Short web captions

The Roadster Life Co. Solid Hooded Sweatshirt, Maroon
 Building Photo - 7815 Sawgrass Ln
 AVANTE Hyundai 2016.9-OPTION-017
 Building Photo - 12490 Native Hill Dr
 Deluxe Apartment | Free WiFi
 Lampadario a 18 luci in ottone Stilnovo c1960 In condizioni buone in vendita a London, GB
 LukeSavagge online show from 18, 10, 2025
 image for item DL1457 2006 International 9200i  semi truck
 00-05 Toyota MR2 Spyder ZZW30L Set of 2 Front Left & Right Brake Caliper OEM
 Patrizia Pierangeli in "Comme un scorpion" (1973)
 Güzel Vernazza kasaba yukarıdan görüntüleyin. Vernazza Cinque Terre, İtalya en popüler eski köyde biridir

*WHAT YOU HAVE TO DO*
The expected answer is a number and nothing else: how many lines above include the word "Photo".

*RESULT*
2